**EXERCISE OBJECTIVE:**
Please write out exactly the line containing "New York, 24" below and every line after it, through the last one, but leave out any pictures.

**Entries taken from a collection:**
■ ■ ■

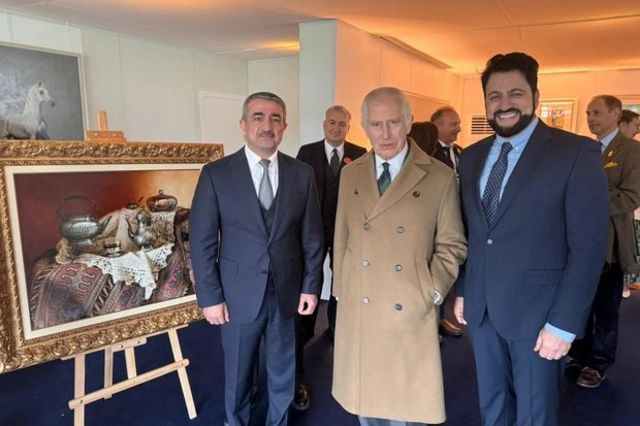 Азербайджан подарил британскому королю картину - ФОТО/ВИДЕО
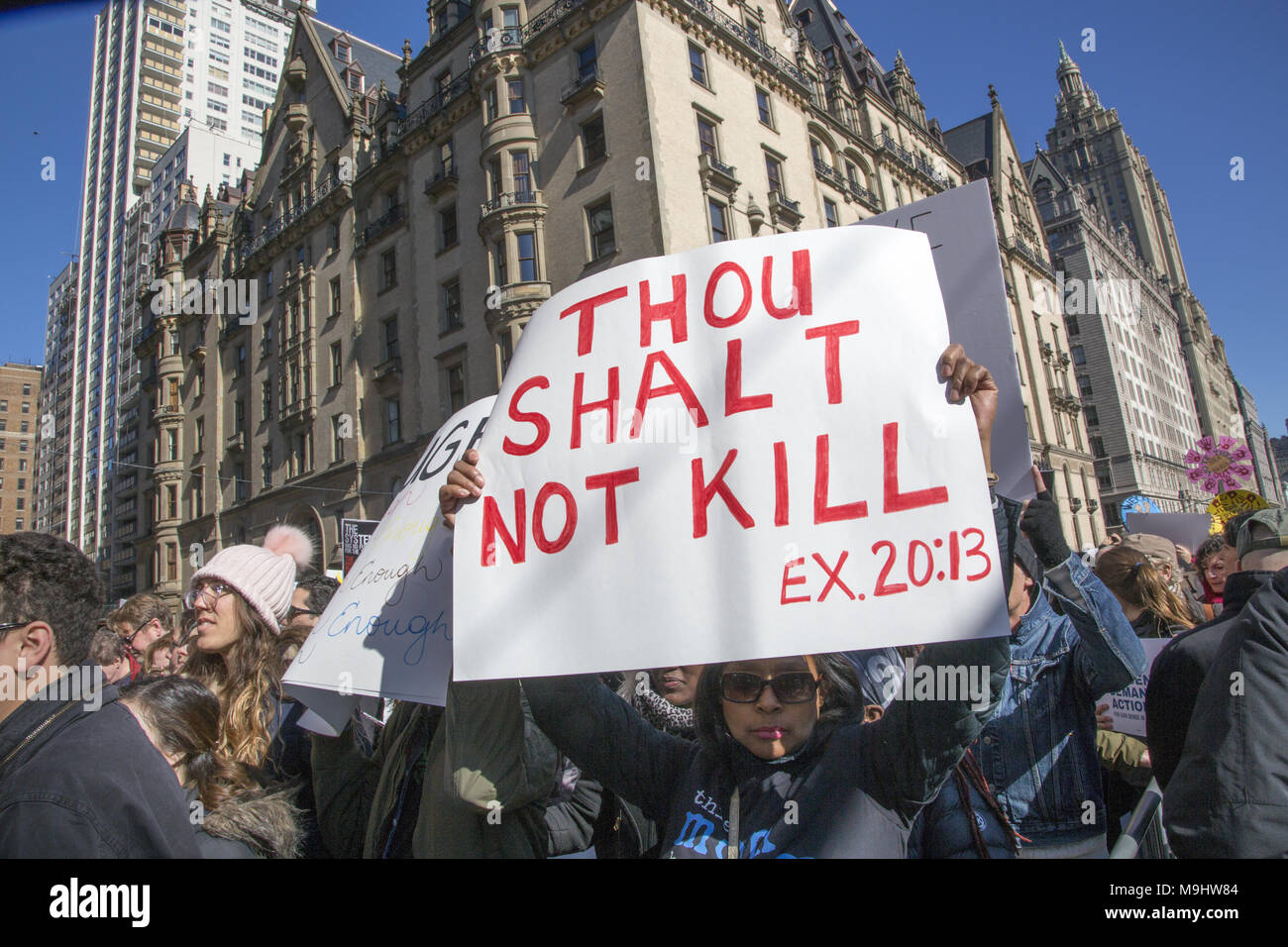 New York, 24 marzo 2018: studenti e molti altri hanno dimostrato in 'Marco per la nostra vita' marzo dappertutto negli Stati Uniti per porre fine al massacro di studenti americani nelle scuole e la pistola di decessi correlati generalmente in noi. Quasi 200.000 hanno marciato in New York City. Foto Stock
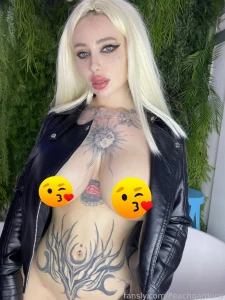 My dears do you like the way my leather jacket fits fyp mommy petite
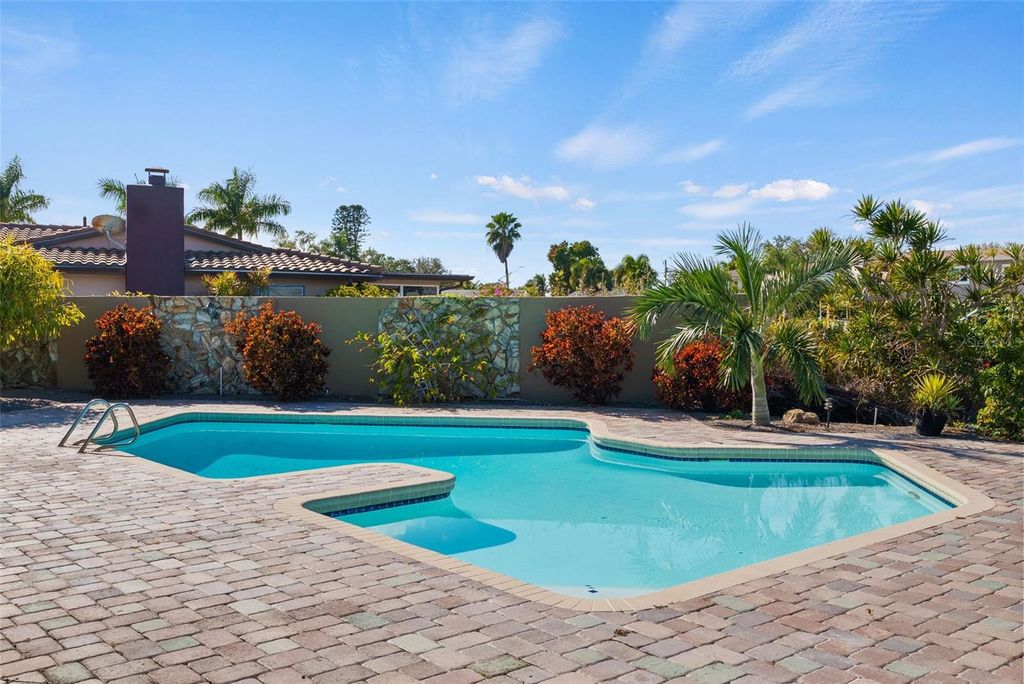 Photo of 5173 Horseshoe Place, St Petersburg, FL 33703 (MLS # TB8448289)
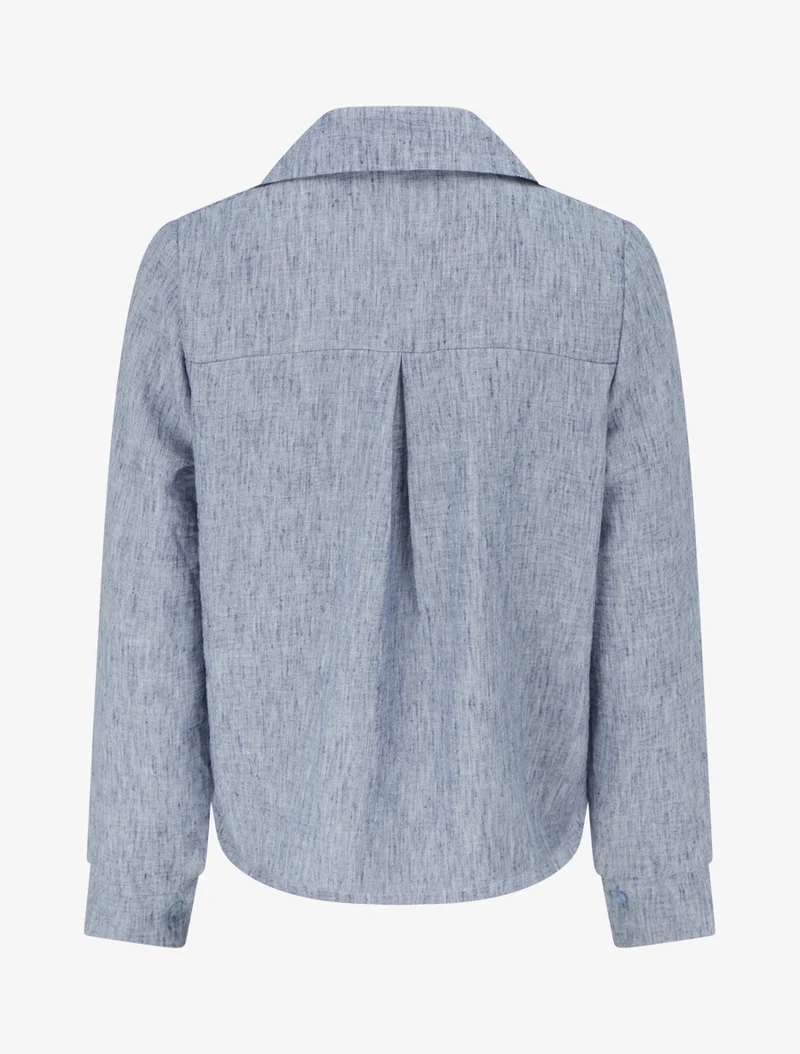 Weit geschnittene Bluse mit langen Ärmeln und aufgesetzter Tasche. - Blau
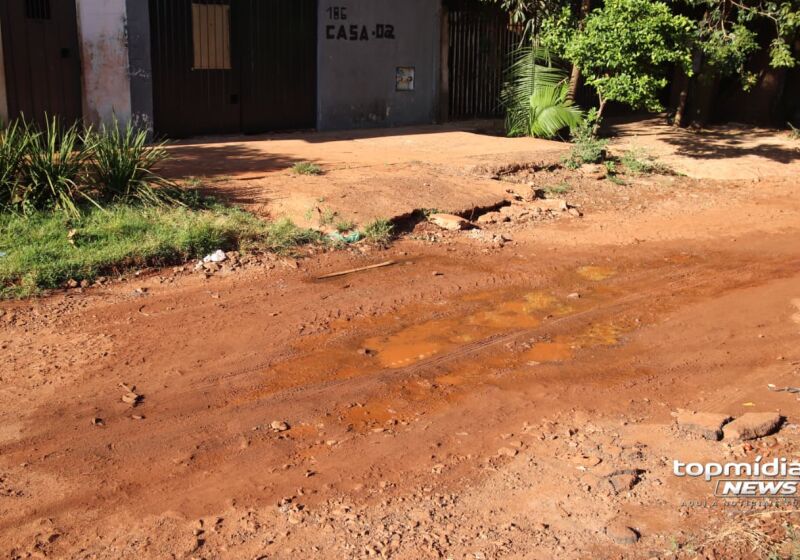 Contribuintes afirmam que com&eacute;rcio tamb&eacute;m fica prejudicado com a situa&ccedil;&atilde;o da rua sem asfalto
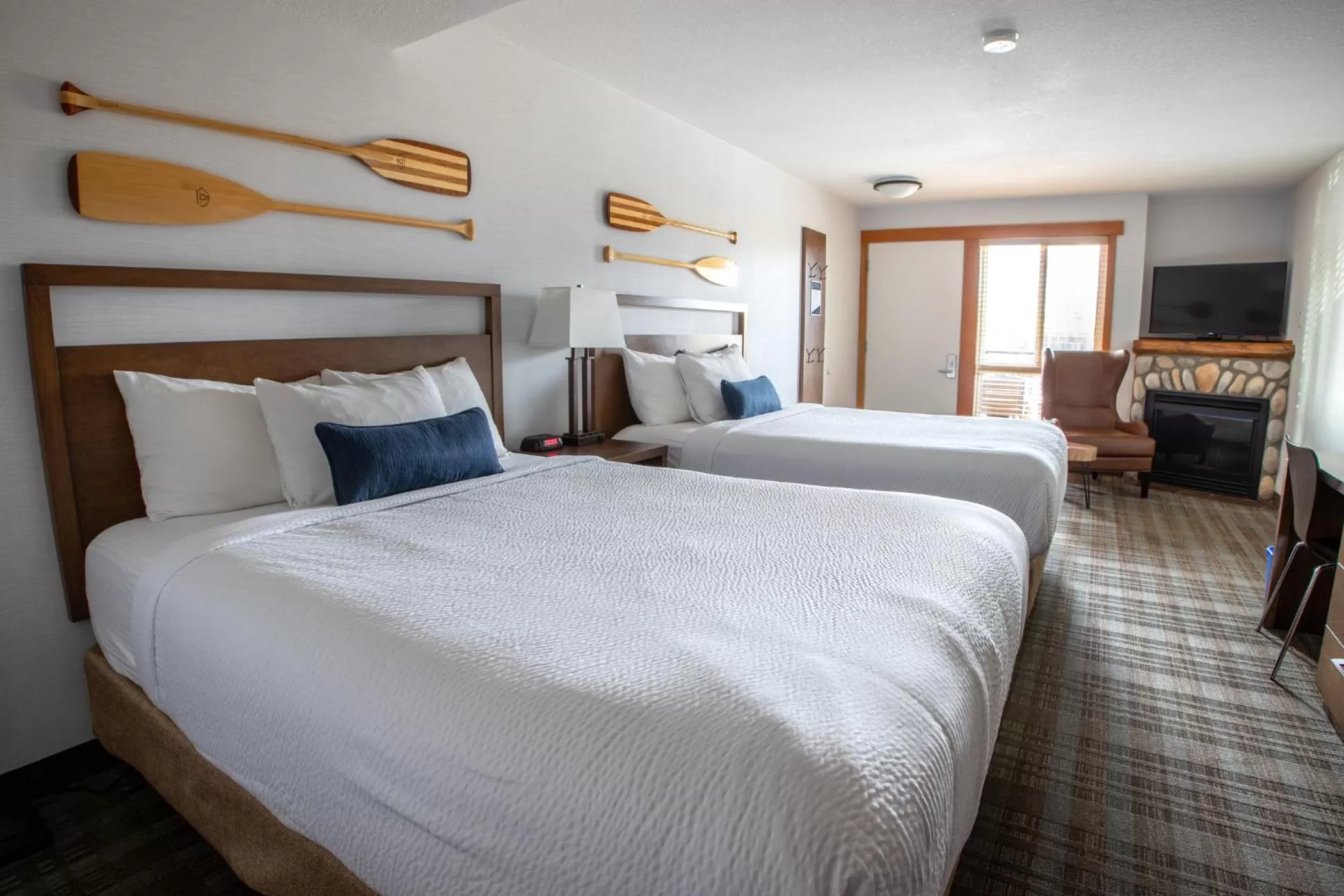 Bedroom, Bed in Pyramid Lake Lodge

■ ■ ■

**EXERCISE SOLUTION:**
 New York, 24 marzo 2018: studenti e molti altri hanno dimostrato in 'Marco per la nostra vita' marzo dappertutto negli Stati Uniti per porre fine al massacro di studenti americani nelle scuole e la pistola di decessi correlati generalmente in noi. Quasi 200.000 hanno marciato in New York City. Foto Stock
 My dears do you like the way my leather jacket fits fyp mommy petite
 Photo of 5173 Horseshoe Place, St Petersburg, FL 33703 (MLS # TB8448289)
 Weit geschnittene Bluse mit langen Ärmeln und aufgesetzter Tasche. - Blau
 Contribuintes afirmam que com&eacute;rcio tamb&eacute;m fica prejudicado com a situa&ccedil;&atilde;o da rua sem asfalto
 Bedroom, Bed in Pyramid Lake Lodge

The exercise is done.